Recent studies have demonstrated that JAK2V617F may affect genomic stability by displacing HP1α from chromatin46 and by deregulating DNA double-strand break repair mechanisms.47 Plo et al.,47 showed that overexpression of JAK2V617F and to a lesser extent wild-type JAK2 in Ba/F3-EPOR cells, led to an increase in spontaneous homologous recombination and RAD51 nuclear foci formation. JAK2V617F expression was associated with genetic instability, as assessed by the higher occurrence of centrosome abnormalities and sister chromatid exchange. Furthermore, increased homologous recombination and RAD51 formation was observed in patient CD34+ cells from JAK2V617F-positive PV and PMF patients.47 In support of these studies, we observed significantly more genomic aberrations in patients with intermediate JAK2V617F allele burden (1–85%) compared with patients with wild-type JAK2 (<1% JAK2V617F) (data not shown). Unexpectedly, however, patients with high JAK2V617F allele burden (>85%) displayed fewer aberrations. The ability of mutant JAK2 to induce hyper-recombination is thought to facilitate mitotic recombination that may lead to LOH and account for disease heterogeneity.47 Whether genomic instability induced by JAK2V617F facilitates leukemic transformation, however, remains contentious. For example, in a study of 17 patients with JAK2V617F-positive MPN that later transformed to AML, 9 patients went on to develop JAK2V617F-negative AML.10 Furthermore, a recent study by Thoenssin et al.,48 found no significant association between JAK2V617F mutation status and time to leukemic transformation in patients with MPN-blast phase, suggesting the existence of a pre-JAK2V617F clone.

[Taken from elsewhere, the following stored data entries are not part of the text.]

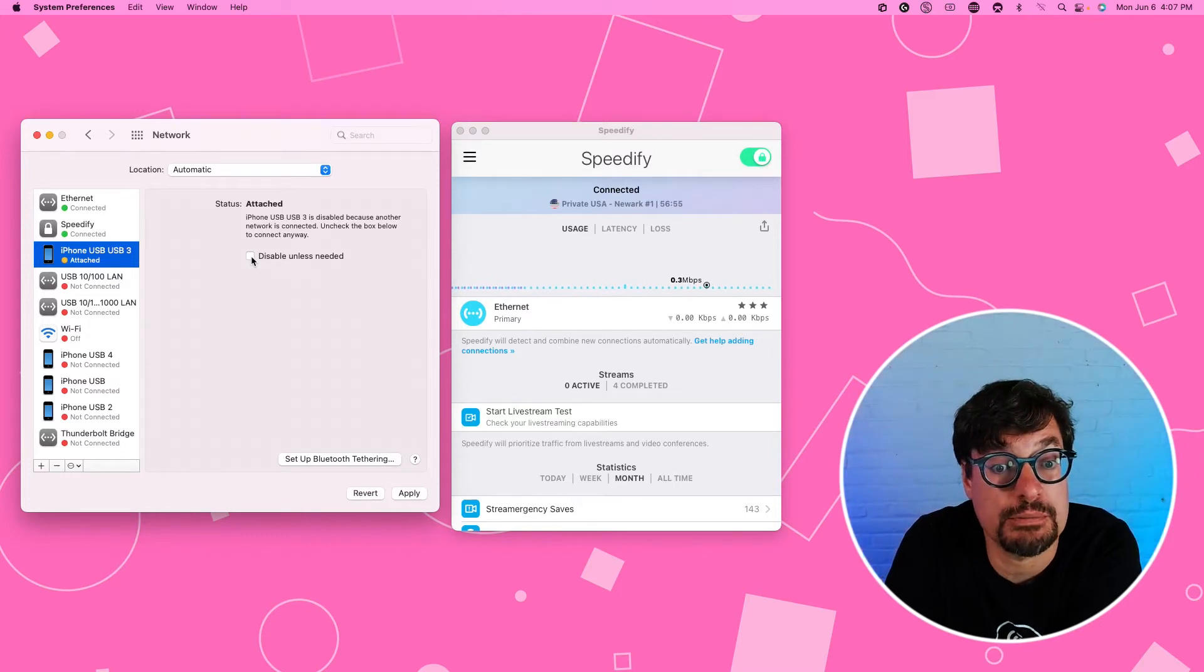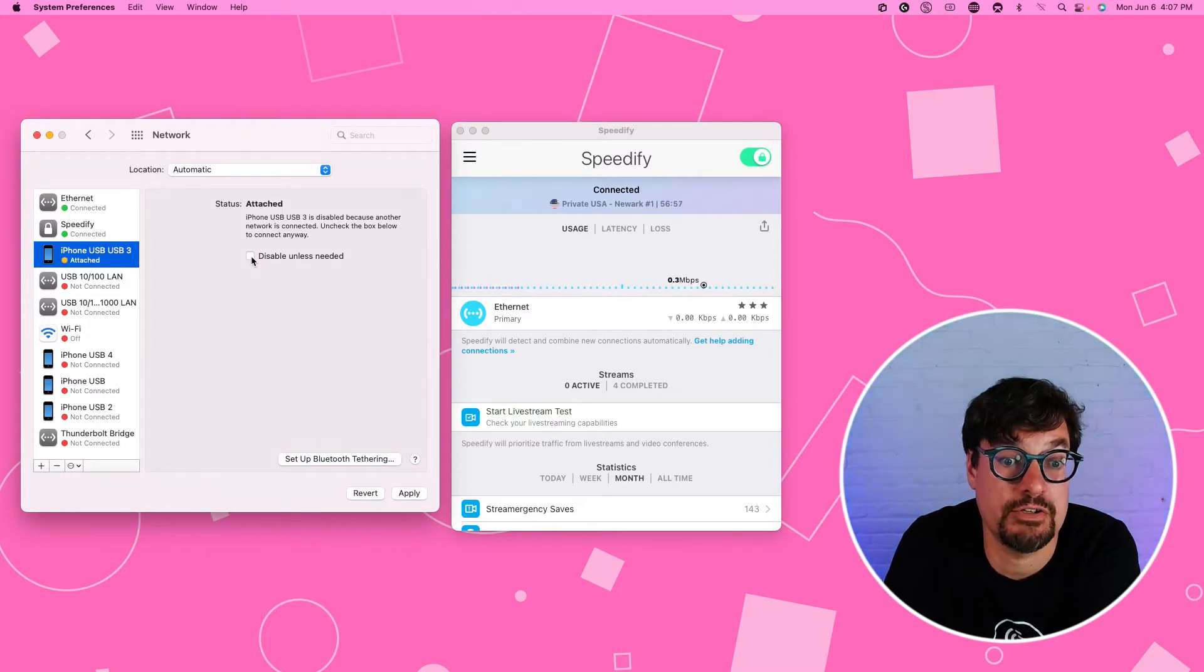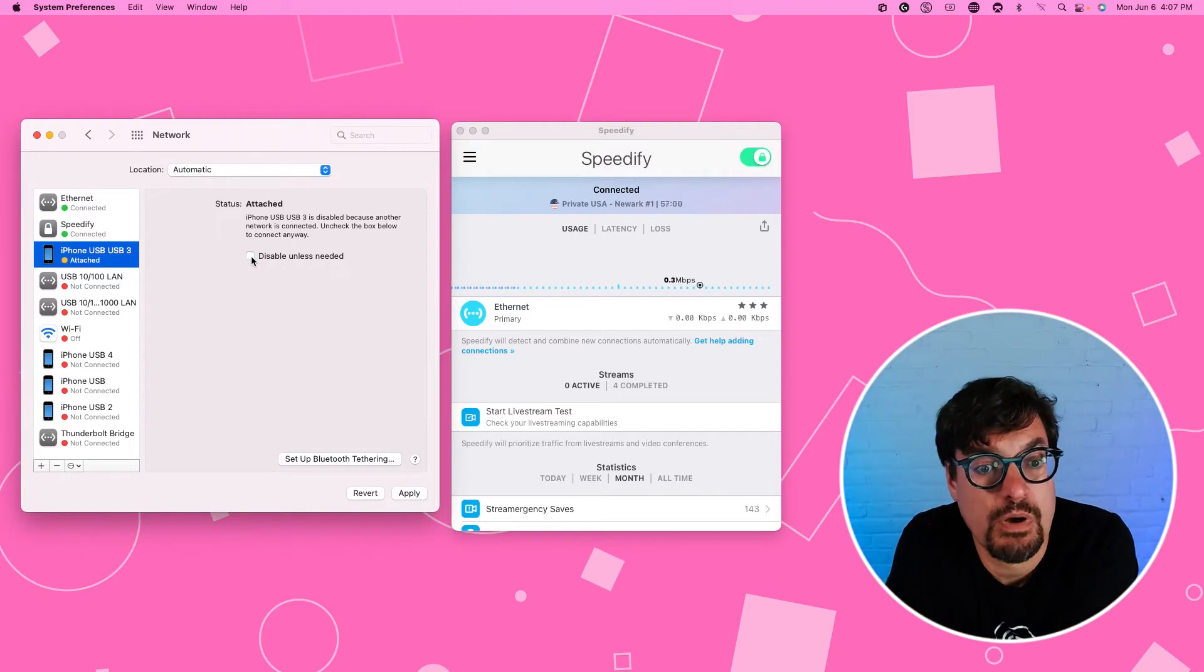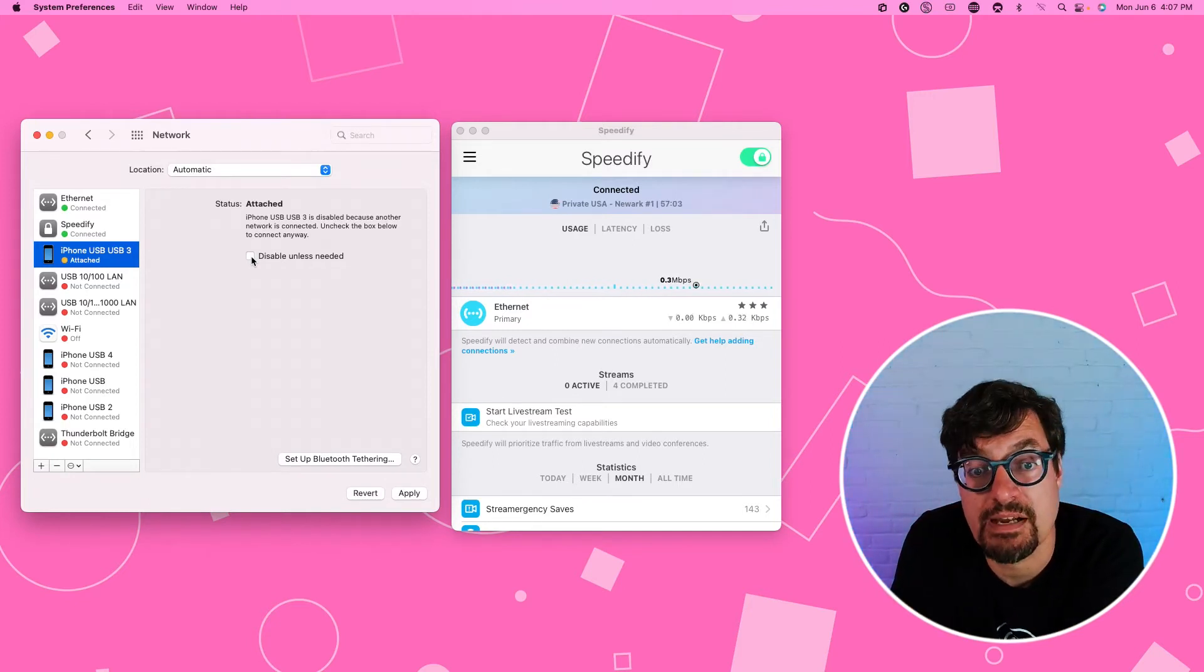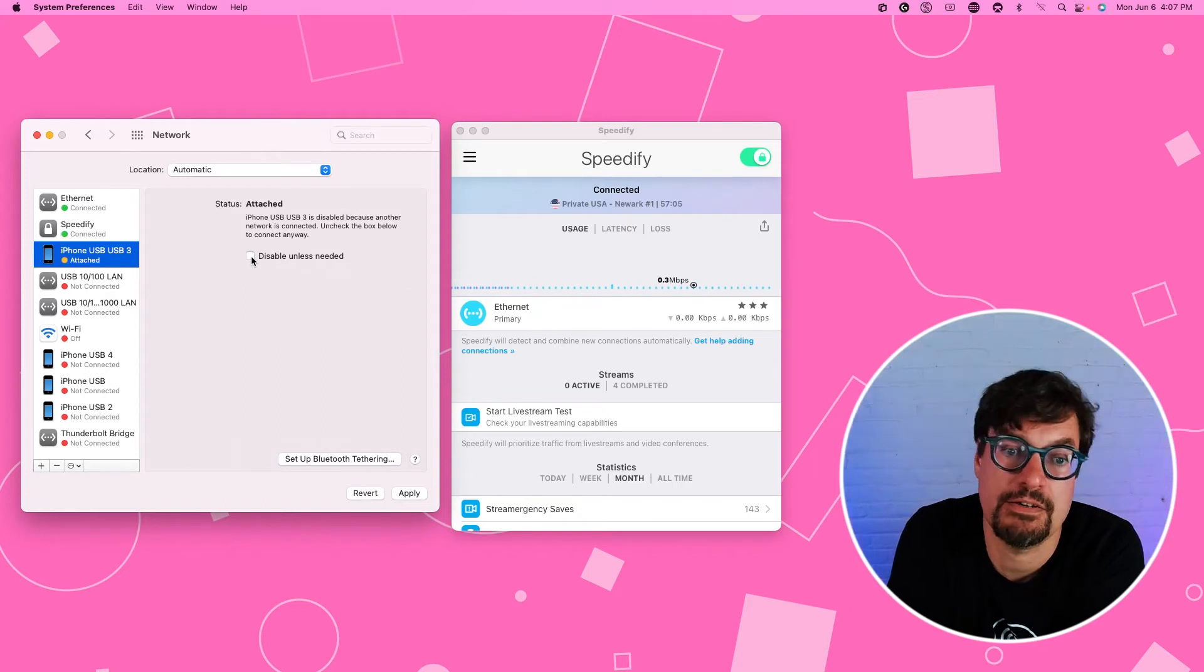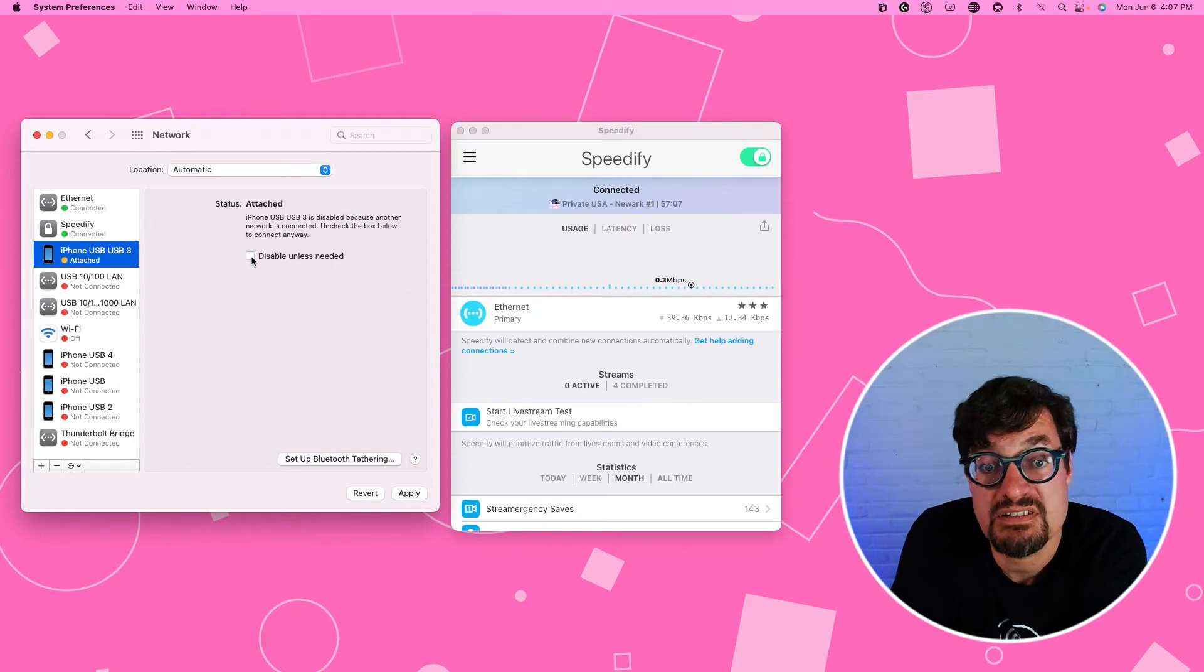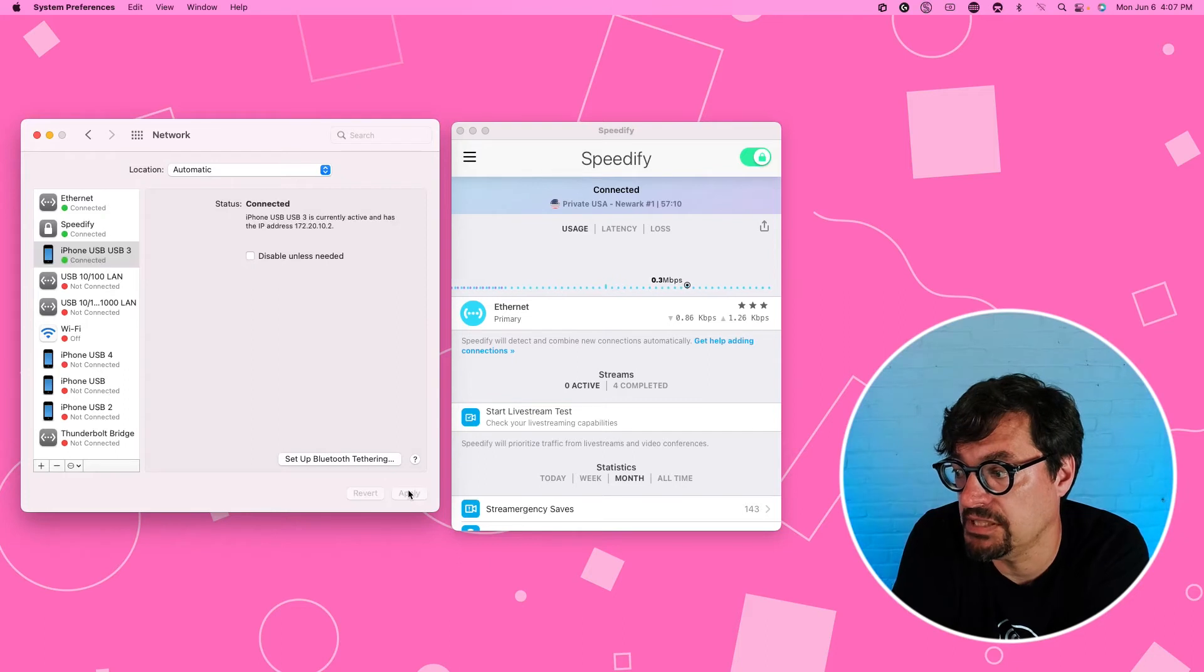By default, macOS tries to manage whether or not to use the cellular or the Wi-Fi. But by unchecking it, you're telling macOS to let Speedify manage it. And we're much, much smarter. So that's what you want. So you uncheck that, you click apply.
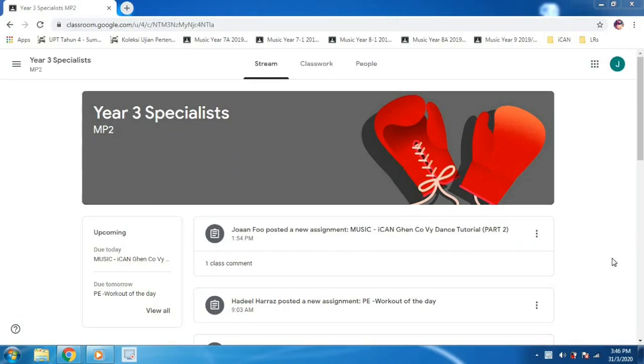Hello everybody! Okay, I will be teaching you how to submit assignments on Google Classroom.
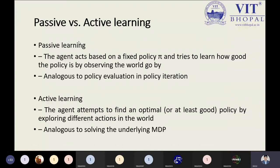In active learning, the agent attempts to find an optimal policy by exploring different actions in the environment. What action is performed by the agent, and what would be the optimal policy dynamically — that is determined by active learning. The key point to keep in mind: in passive learning we have a fixed policy, while a dynamic policy is determined under active learning.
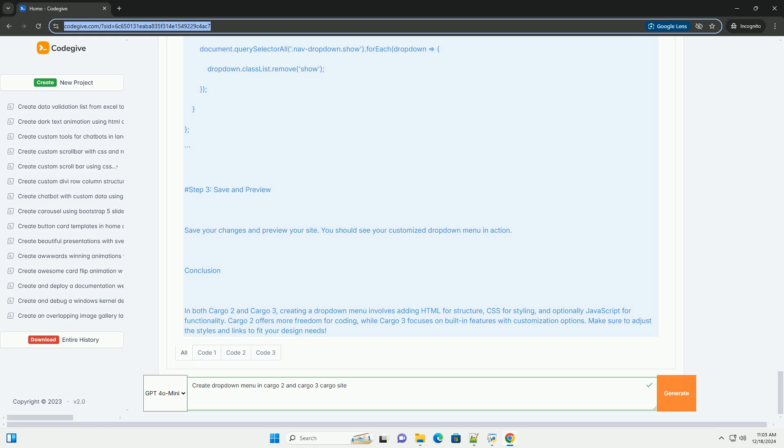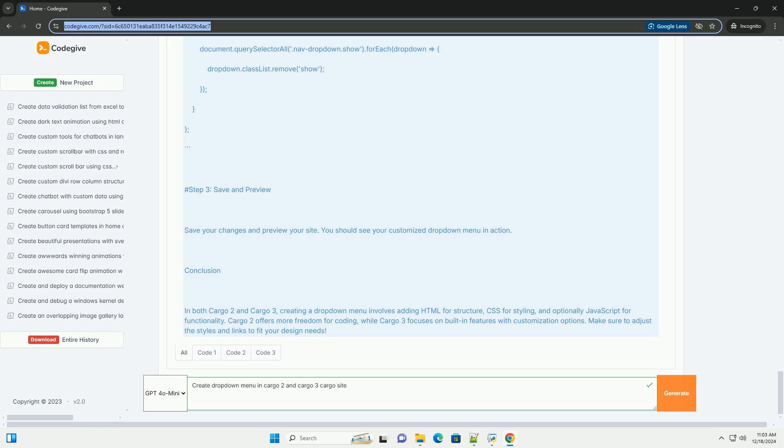Example JavaScript, optional. If you want to control the drop-down with a click instead of hover, you can add the following JavaScript. Document dot query selector all dot nav item a dot for each, item equals Item dot add event listener click function. Const drop-down equals this dot next element sibling. If drop-down, Drop-down dot class list dot toggle show.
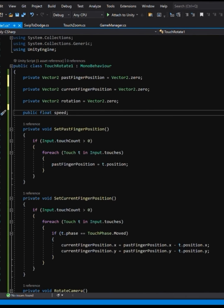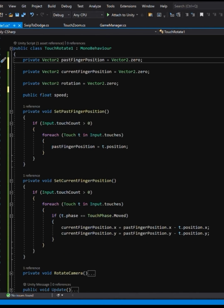To do this, what we need to do is track our finger as we're moving across the screen. So we need the initial start position of our finger and we need to track it as it keeps moving.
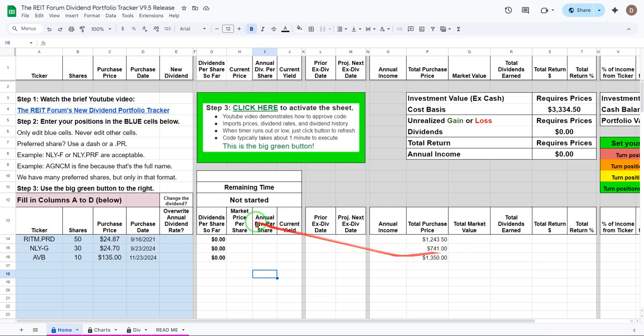Welcome to the Root Forum's new Dividend Portfolio Tracker. First thing you're going to need to do to set this up is make a copy. To make a copy you go to the description in this video and you click the link.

Although unsupervised clustering of PV, ET and PMF patients did not reveal distinct aberration patterns associated with these MPN subtypes, we noted that PMF patients displayed more chromosomal aberrations that PV or ET patients. These observations are consistent with other studies showing that patients with PMF exhibit increased copy number changes and abnormal cytogenetics compared with PV or ET.17 The consequences of this increased genomic instability remains unclear, however, a recent study investigating the chromosomal abnormalities of patients with leukemic transformation of MPN, revealed that time from diagnosis to leukemic transformation was shorter for PMF than ET or PV patients.48 Further analysis on a larger cohort may help us determine the aberrations associated with a specific MPN subtype.

In conclusion, we have used a combination of high-resolution SNP arrays and gene expression arrays to identify novel potential disease candidates that may have a role in MPN. Future studies will seek to address the specific contribution of aberrated genes and signaling pathways identified in this study to the development of MPN.